The dramatic jewelry heist at the center of the female-fronted crime caper Ocean’s 8 takes place amid the blinged-out high-fashion frippery of America’s most glamorous, exclusive, and star-studded party: the Costume Institute Gala at New York’s Metropolitan Museum of Art. Also known as the Met Gala, the glittering event has been overseen and personally curated by Vogue editor-in-chief Anna Wintour since 1995. So in order to set the movie’s showcase crime in such rarefied environs, the filmmakers had to convince both the museum’s institutional overseers and the notoriously private editrix to get onboard.

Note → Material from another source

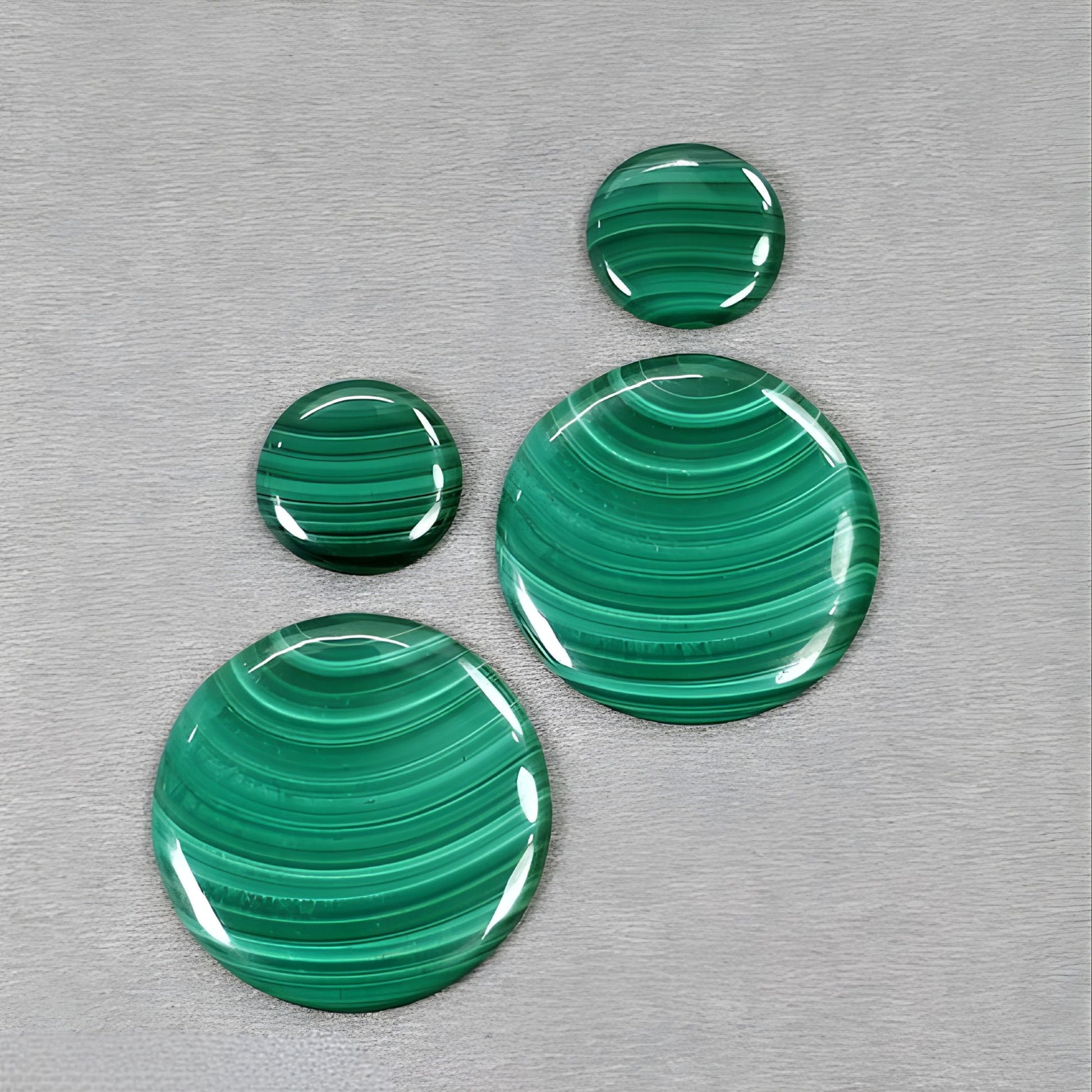 マラカイトカボションジェムストーン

From there, the production corralled a cavalcade of famous faces — Kim Kardashian West, Gigi Hadid, Kendall Jenner, Maria Sharapova, and Common among them — to serve as glorified extras in a jarringly authentic re-creation of the gala.

The film does a remarkable job of getting all the details right and features a much higher degree of realism than most people reasonably expect from a summer popcorn movie: Star Sandra Bullock is shown traipsing the red carpet along the Met’s Great Hall beneath the strobe effect of paparazzi flashbulbs, before making her way to the banquet — where she eventually encounters fellow co-stars Anne Hathaway, Mindy Kaling, Sarah Paulson, Rihanna, and Awkwafina — at the museum’s imposing Egyptian edifice, the Temple of Dendur (where the actual Met Ball annually takes place). So Vulture asked Ocean’s 8 director Gary Ross (The Hunger Games, Seabiscuit), How’d you manage to do it?

Intimately Involving Anna
The Met Ball setting — and by extension, the film’s central plot conceit, the grifters’ attempt to steal a $150 million diamond necklace from a feckless actress (Hathaway) attending the ball — would never have gotten off the ground were it not for Wintour’s explicit blessing. After extensive negotiations, she agreed to collaborate on the production and even appear in several scenes. “The ball, that’s Anna Wintour’s creation. And this was done from the very beginning with the collaboration, advice and the assistance of Vogue,” says Ross. “Anna wanted to make sure the aesthetics were up to her standards. I presented her with the design. She was impressed with and moved by that. And she went, ‘OK, this is up to what we do.’”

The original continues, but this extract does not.